Data Block Start

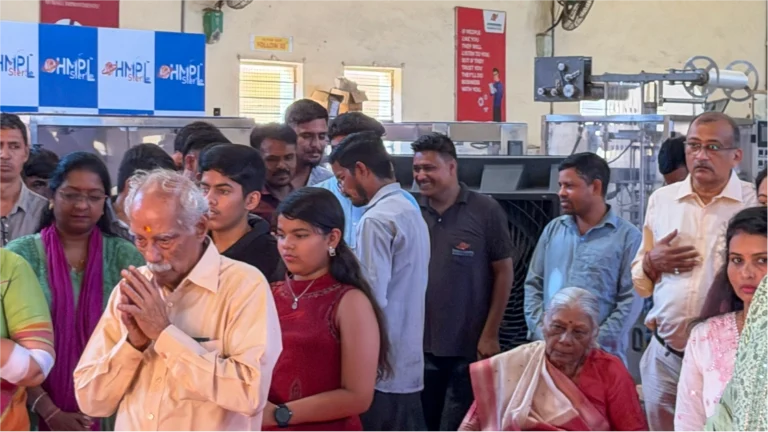 CMD Sir's Birthday 2026 - Mahapuja Ceremony (4)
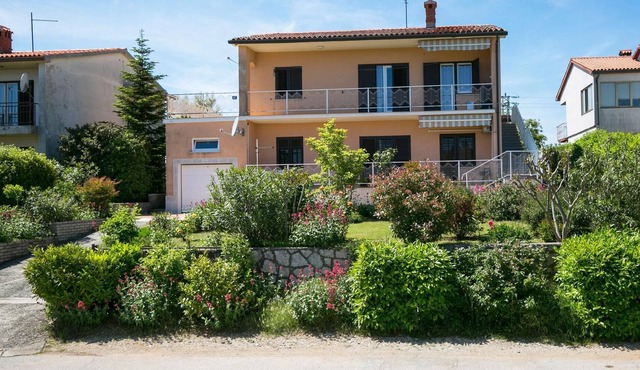 Holiday apartment Labin for 1 - 5 persons with 3 bedrooms - Holiday house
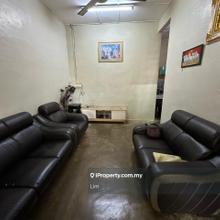Rumah Teres Setingkat untuk Dijual di Kulim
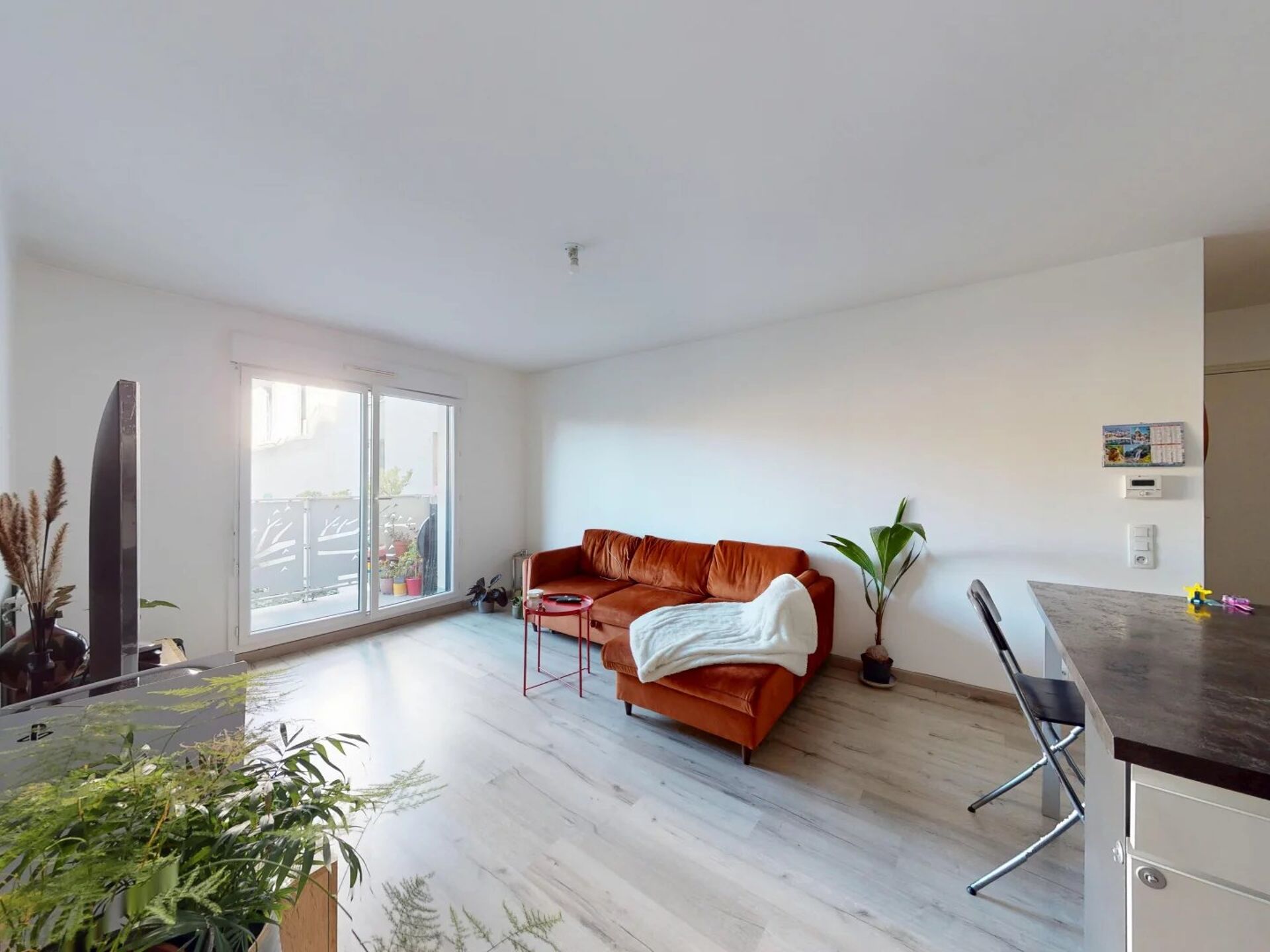 Appartement 3 pièces 58 m² · à Vitry-sur-Seine · 58 m² · 235 000 €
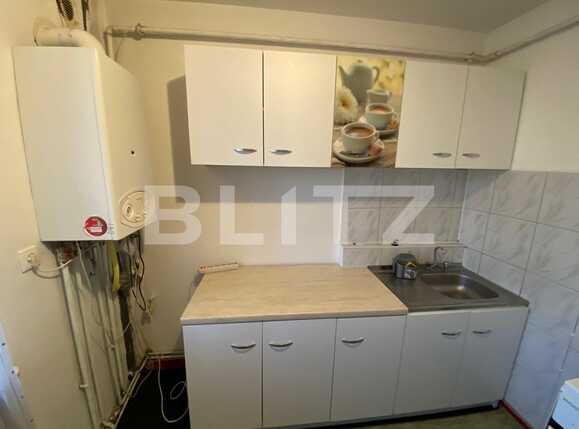 Apartament de închiriat 2 camere Garii - 79728AI | BLITZ Timișoara | Poza10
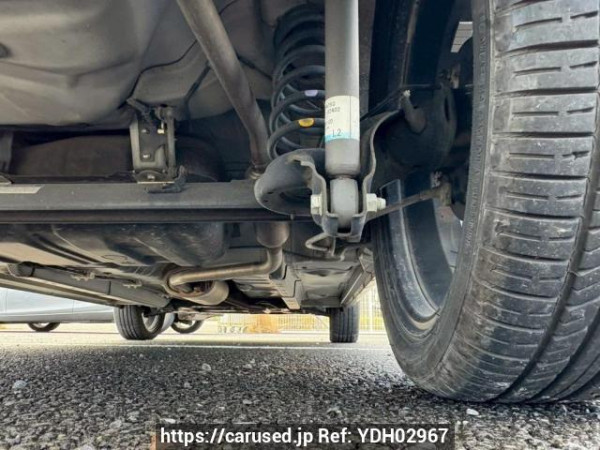 Used 2011 AT daihatsu move-custom LA100S Image[40]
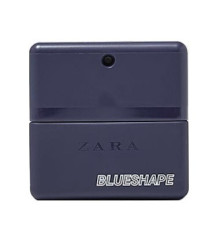 Аромат Zara Blueshape Парфюмерная вода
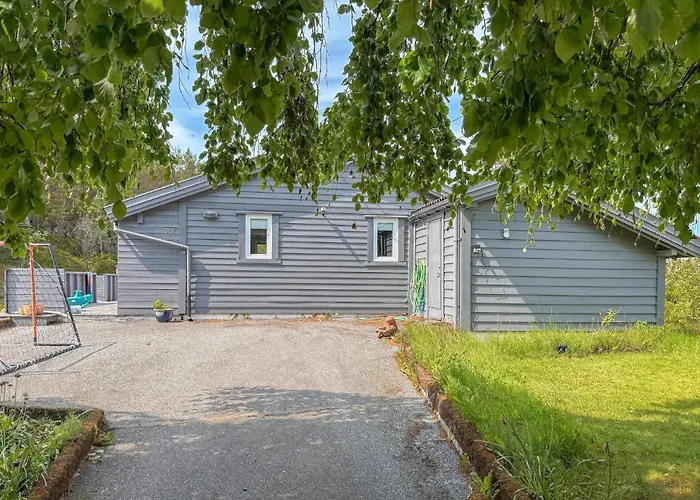 3 Bedroom Gorgeous In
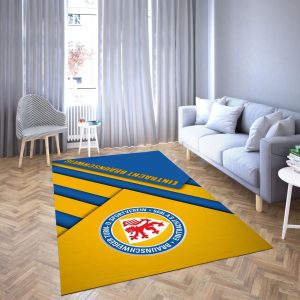 Eintracht Braunschweig Fc 2 teppich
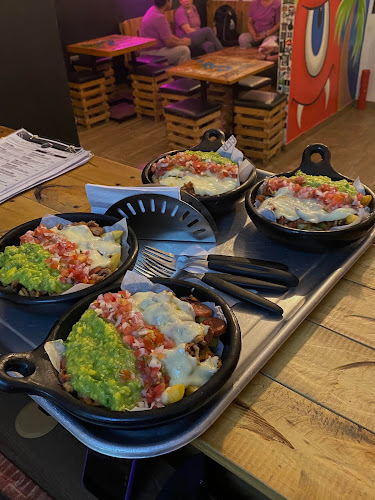 Burger Joint - Soledad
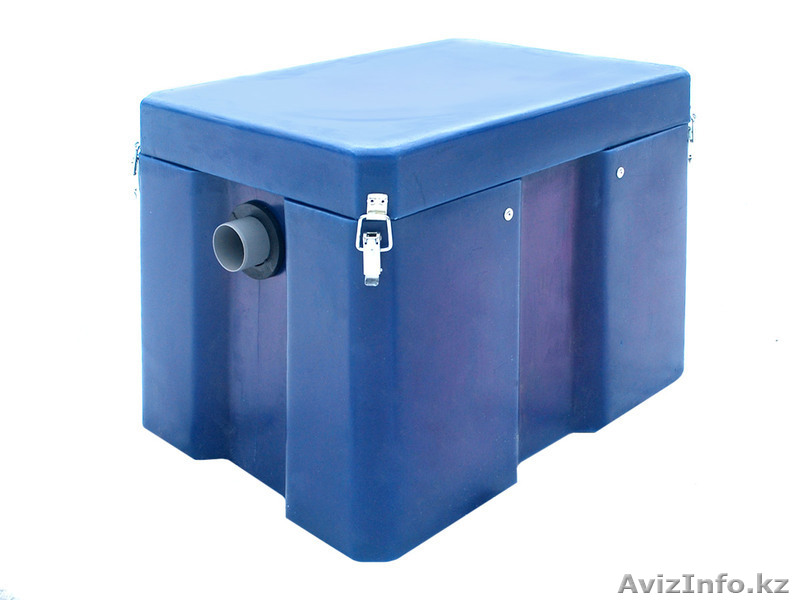 Жироуловитель с гарантией 2 года Астана     - Изображение #1, Объявление #1473531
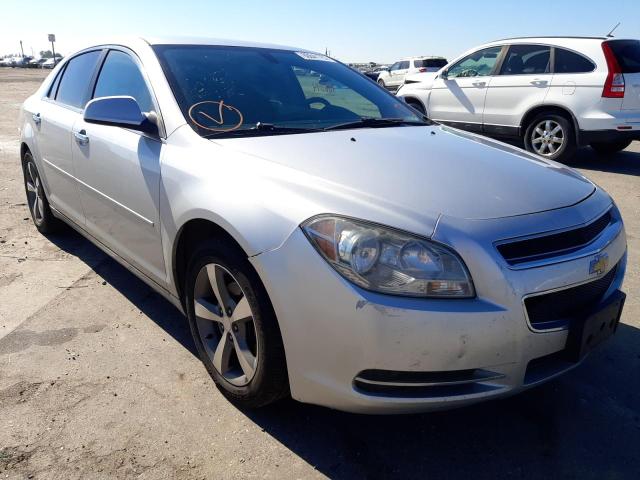 CHEVROLET MALIBU 1LT 2012 1g1zc5e04cf300932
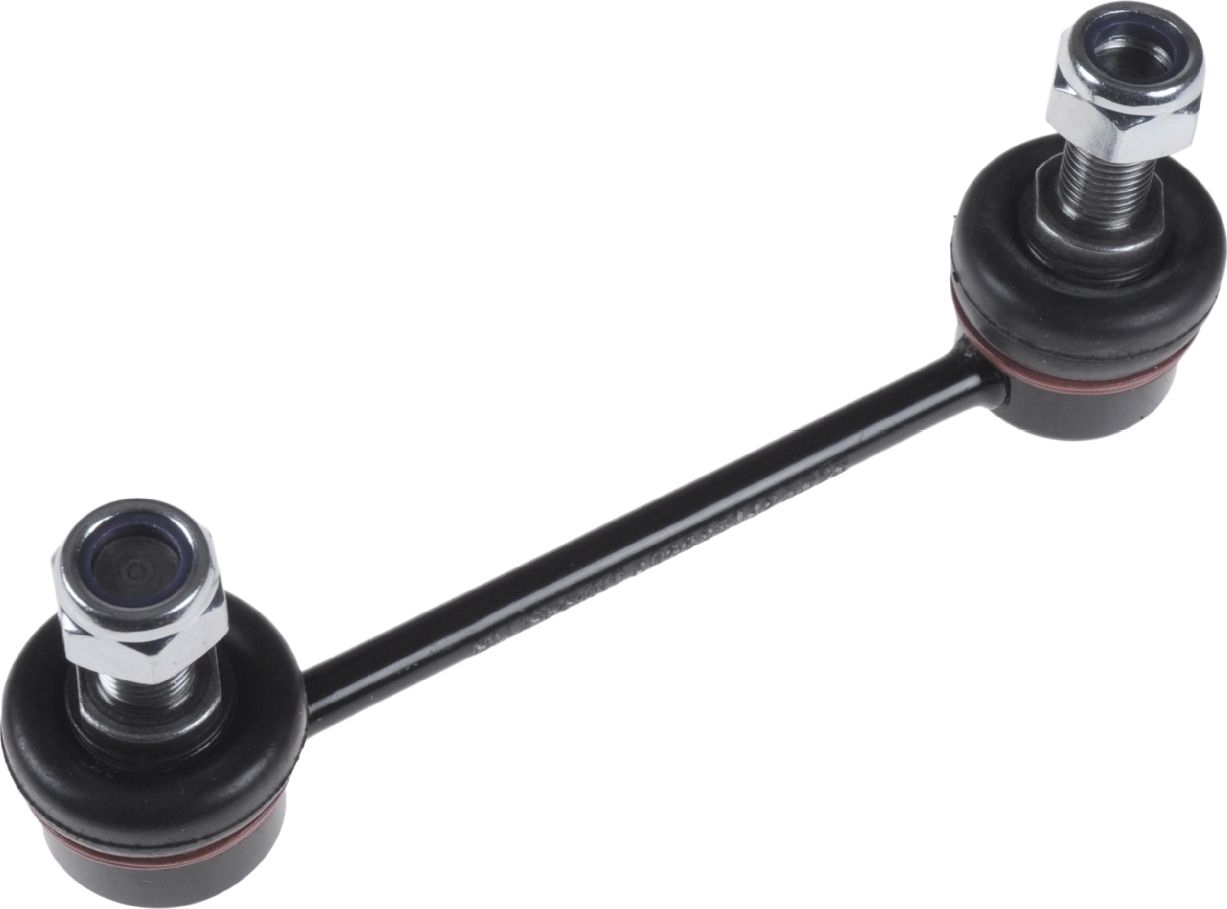 Стойка (тяга) стабилизатора Blue Print (сталь). Артикул ADG085149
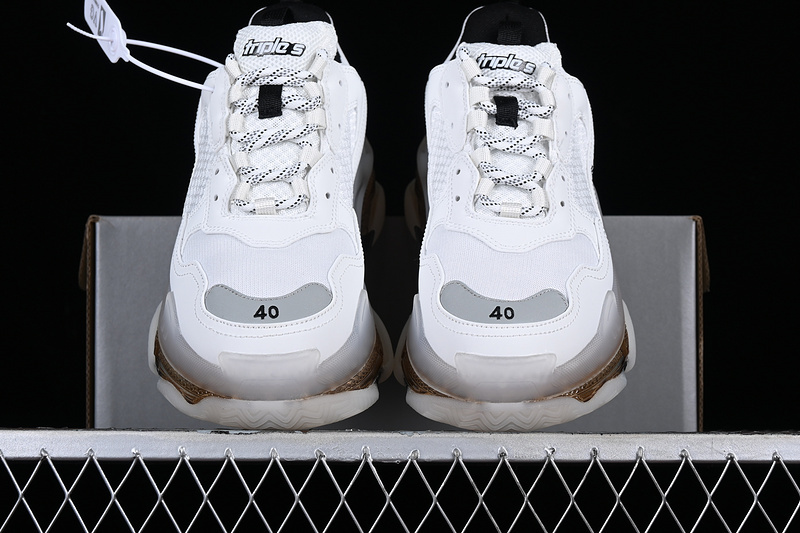 Balenciaga TRIPLE S TRAINER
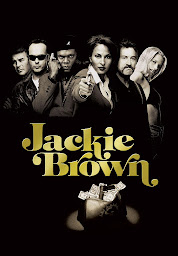Icon image Jackie Brown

Data Block End

Aim of the exercise >> In the reply, each line of the data must appear exactly as written, and no picture may appear.

Your solution >>
 CMD Sir's Birthday 2026 - Mahapuja Ceremony (4)
 Holiday apartment Labin for 1 - 5 persons with 3 bedrooms - Holiday house
Rumah Teres Setingkat untuk Dijual di Kulim
 Appartement 3 pièces 58 m² · à Vitry-sur-Seine · 58 m² · 235 000 €
 Apartament de închiriat 2 camere Garii - 79728AI | BLITZ Timișoara | Poza10
 Used 2011 AT daihatsu move-custom LA100S Image[40]
 Аромат Zara Blueshape Парфюмерная вода
 3 Bedroom Gorgeous In
 Eintracht Braunschweig Fc 2 teppich
 Burger Joint - Soledad
 Жироуловитель с гарантией 2 года Астана     - Изображение #1, Объявление #1473531
 CHEVROLET MALIBU 1LT 2012 1g1zc5e04cf300932
 Стойка (тяга) стабилизатора Blue Print (сталь). Артикул ADG085149
 Balenciaga TRIPLE S TRAINER
Icon image Jackie Brown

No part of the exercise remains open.